Kale is one of the oldest members of the cabbage family, and it is believed to have originated in Eastern Mediterranean or Asia minor and brought to the US in the 17th century by English settlers. Today, kale is a very popular vegetable in China, Taiwan, and Vietnam, where it is commonly stir-fried with beef.
This dark green vegetable is available year round but it grows best in the winter or early spring as the cold temperatures help to make the leaves sweeter.
There are three common types of kale: curly kale, dinosaur kale, and ornamental kale. Curly kale tends to have a stronger flavor and bumpy texture than ornamental kale. While dinosaur kale tends to be sweet in taste and blue-green in color.
Kale can be eaten either as cooked vegetable or raw as salad, but since the leaves are generally tough and bitter, kale is often cooked to reduce the bitterness and tenderize the leaves. In the Southern United States, kale is often served braised, either alone or mixed with other greens, such as collard, mustard, or turnip.
Apart from being a popular ingredient in global cuisine, kale is also considered to be a highly nutritious vegetable that is packed with powerful antioxidants, anti-inflammatory, and anti-aging properties. It is an excellent source of vitamin A, vitamin C, and vitamin K. In fact, one cup of raw kale contains approximately 200% of Vitamin A, 130% of Vitamin C and a whopping 680% of Vitamin K.
It is also a very good source of dietary fiber, as well as many minerals, including folate, iron, calcium, potassium, manganese, and phosphorus.
Health Benefits of Kale
- Prevent cancer
All cruciferous vegetables, including kale, contain phytochemicals which known to have anti-cancer properties.
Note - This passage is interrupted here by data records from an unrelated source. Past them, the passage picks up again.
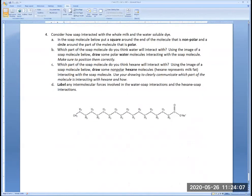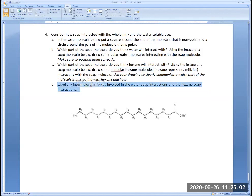This is again the soap molecule, but showing all the carbons and hydrogens. You will need to draw a square around the end of the molecule that is non-polar, a circle around the part that is polar, and draw molecules of water on the side where they are going to be. And hexane — which you will have drawn the Lewis structure for at the beginning of this lab — is made of six carbons and hydrogens only, so it's non-polar. Draw some hexane molecules around the soap molecule and put them where they should be. Then list the intermolecular attractive forces between the soap and the water, and the hexane and the soap.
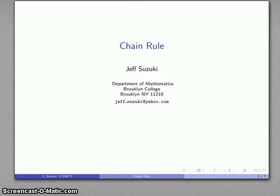We now know how to differentiate sums, differences, multiplication by constants, quotients, and products, and that covers a lot of functions, but not all of them. To continue our attempt to find derivatives, we need to introduce a new idea, which is called the Chain Rule.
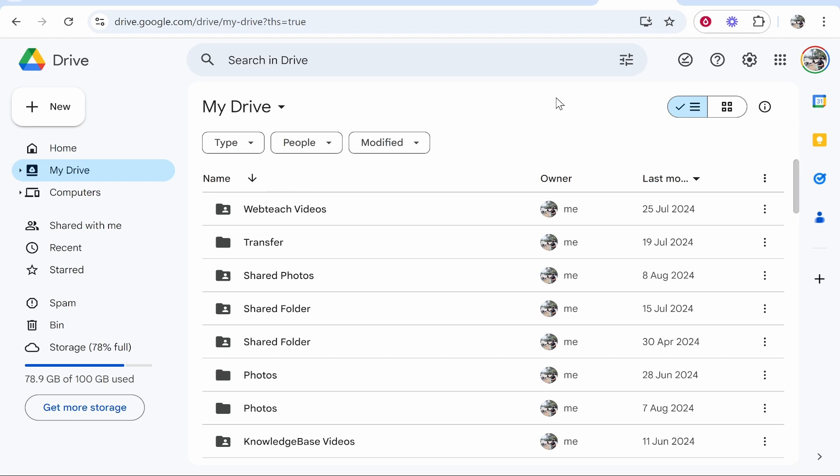In this video I'm going to show you how you can upload and share files on Google Drive. I'll walk you through everything here from start to finish.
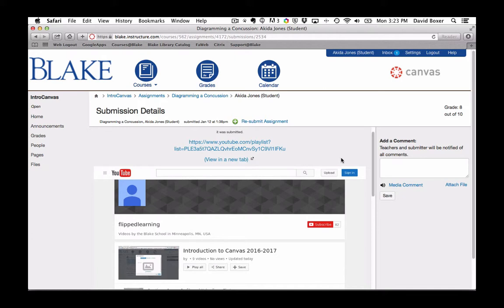So this is a brief overview of how the gradebook relates to the assignments feature in Canvas and the view that students might have.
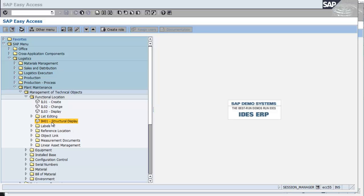I'm going to start with my first session, and I'm going to start with transaction IH01 Structural Display, which is found under Logistics, Plant Maintenance, Management of Technical Objects, Functional Location, IH01 Structural Display.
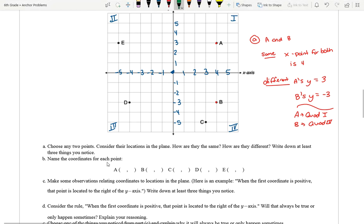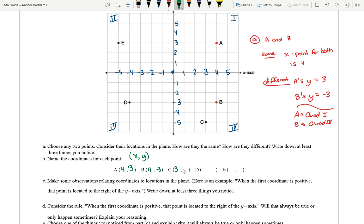Question B: Name the coordinates for each point. Always remember these are written as (x, y). For A: x is four, y is three. B: x is still four, y is negative three. C: x is three, y is negative five. For D: x is negative four, y is negative three. And E: x is negative five, y is positive three. Those are the coordinates for each point.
Epidemiological studies suggest that eating cruciferous vegetables can help prevent some forms of cancer, particularly colon cancer, breast cancer, prostate cancer and ovarian cancer.
- Anti-aging properties
Eating kale regularly has been shown to have incredible anti-aging effects by increasing the elasticity of your skin.
- Anti-inflammatory properties
kale is considered to be strongly anti-inflammatory. Anti-inflammatory is important to have in your diet as it can protect your body from chronic inflammation, which can result in chronic joint pain, stiffness and arthritis.
- Lowers cholesterol
The high fiber content in kale helps to reduce high cholesterol levels, and thus may helps in preventing atherosclerosis. It is estimated that one cup of kale provides approximately 10.4% of the daily fiber requirement.
- Prevent cataract
Kale contains tons of beta-carotene and lutein which can ward off blindness and cataracts caused by UV rays.
- Weight loss diet
Kale is also low in calorie. One cup of kale has only 36 calories and zero grams of fat, making it a great addition to a weight loss diet. Add Kale to your soup and salads to get the best nutritional value.
- Detox the body
Kale contains sulfur, which is needed in the detox process. This helps eliminate free radicals and toxins like uric acid from the body.
- Strengthen bone and teeth
Kale is a great source of calcium, manganese, and magnesium which can help keep your bones and teeth strong.
- Enhance immune system
Since kale is rich in vitamin C, it can helps enhance your body’s immune system.
- Prevent anemia
Due to its high amount of iron, kale is also good for preventing anemia, particularly iron deficiency anemia.
When choosing kale, look for smaller-size leaves since these will be more tender and have a milder flavor than those with larger leaves. To get the full benefits of kale, consider eating raw kale as this will minimize the nutrient loss. For raw kale, rinse the kale and remove the stems. Slice the leaves into strips and add into salads or used as an ingredient in a soup.